- [What to produce]: Scan the records below and copy every line that contains the string "Midi".

────────────────────

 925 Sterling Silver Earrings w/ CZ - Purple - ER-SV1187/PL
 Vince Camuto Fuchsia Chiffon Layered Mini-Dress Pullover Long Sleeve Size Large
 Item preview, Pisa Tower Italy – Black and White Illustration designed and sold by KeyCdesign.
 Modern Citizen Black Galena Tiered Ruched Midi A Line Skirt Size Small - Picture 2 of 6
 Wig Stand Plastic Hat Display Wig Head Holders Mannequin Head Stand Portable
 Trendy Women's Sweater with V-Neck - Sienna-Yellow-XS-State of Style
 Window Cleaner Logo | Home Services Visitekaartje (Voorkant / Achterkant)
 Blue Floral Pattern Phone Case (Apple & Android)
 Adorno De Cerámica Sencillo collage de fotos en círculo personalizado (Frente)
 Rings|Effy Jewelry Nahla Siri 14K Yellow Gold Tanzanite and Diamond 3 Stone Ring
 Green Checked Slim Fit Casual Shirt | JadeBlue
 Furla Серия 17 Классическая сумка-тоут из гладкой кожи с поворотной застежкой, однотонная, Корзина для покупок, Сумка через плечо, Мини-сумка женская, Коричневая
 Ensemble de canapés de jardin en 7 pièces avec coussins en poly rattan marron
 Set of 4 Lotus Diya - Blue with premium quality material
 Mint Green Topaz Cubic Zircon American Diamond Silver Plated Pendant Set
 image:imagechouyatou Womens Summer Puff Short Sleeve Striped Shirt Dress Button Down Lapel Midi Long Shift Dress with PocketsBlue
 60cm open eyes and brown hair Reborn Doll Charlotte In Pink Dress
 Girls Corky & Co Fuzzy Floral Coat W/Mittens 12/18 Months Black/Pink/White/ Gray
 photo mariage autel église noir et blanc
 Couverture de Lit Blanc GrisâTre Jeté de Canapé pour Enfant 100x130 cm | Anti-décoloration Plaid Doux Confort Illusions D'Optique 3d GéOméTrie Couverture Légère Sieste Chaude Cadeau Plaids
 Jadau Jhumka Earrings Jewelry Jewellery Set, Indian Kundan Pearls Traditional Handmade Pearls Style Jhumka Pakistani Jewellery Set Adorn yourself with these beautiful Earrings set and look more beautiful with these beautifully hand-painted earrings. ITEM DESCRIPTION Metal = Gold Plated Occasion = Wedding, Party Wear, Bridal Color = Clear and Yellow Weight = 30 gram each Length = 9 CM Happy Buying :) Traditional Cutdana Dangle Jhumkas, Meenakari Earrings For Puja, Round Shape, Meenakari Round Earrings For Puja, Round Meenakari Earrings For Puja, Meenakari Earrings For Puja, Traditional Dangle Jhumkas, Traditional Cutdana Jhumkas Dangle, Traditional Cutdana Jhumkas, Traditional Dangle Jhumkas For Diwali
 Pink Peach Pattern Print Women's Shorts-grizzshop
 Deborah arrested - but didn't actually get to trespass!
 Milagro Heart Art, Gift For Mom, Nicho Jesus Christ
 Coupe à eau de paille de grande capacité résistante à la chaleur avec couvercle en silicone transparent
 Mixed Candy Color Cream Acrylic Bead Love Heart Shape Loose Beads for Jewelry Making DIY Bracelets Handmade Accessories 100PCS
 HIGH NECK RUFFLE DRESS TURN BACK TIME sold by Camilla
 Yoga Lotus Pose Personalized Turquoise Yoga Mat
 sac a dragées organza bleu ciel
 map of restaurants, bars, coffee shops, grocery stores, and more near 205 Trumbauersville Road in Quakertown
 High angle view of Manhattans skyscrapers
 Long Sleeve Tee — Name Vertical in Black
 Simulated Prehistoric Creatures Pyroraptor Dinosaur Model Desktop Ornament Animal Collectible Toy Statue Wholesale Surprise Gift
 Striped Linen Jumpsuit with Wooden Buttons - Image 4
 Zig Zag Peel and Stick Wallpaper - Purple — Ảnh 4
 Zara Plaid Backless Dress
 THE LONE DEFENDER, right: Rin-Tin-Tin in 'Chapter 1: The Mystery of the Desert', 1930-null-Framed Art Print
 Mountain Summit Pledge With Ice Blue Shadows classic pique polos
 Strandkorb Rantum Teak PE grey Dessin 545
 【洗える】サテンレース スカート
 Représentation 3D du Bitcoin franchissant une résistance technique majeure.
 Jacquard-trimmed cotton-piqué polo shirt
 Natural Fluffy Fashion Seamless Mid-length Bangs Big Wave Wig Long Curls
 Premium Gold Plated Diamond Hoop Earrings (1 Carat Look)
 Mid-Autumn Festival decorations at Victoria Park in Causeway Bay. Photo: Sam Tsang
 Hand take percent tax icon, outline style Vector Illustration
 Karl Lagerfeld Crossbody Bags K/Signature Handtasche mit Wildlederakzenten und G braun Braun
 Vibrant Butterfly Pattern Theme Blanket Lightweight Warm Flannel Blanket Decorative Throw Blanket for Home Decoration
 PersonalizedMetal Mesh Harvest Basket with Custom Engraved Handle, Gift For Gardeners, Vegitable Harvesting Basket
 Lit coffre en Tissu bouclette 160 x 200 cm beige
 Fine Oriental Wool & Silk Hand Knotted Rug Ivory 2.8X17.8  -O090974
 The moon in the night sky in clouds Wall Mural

────────────────────

- [Answer to this problem]:
 Modern Citizen Black Galena Tiered Ruched Midi A Line Skirt Size Small - Picture 2 of 6
 image:imagechouyatou Womens Summer Puff Short Sleeve Striped Shirt Dress Button Down Lapel Midi Long Shift Dress with PocketsBlue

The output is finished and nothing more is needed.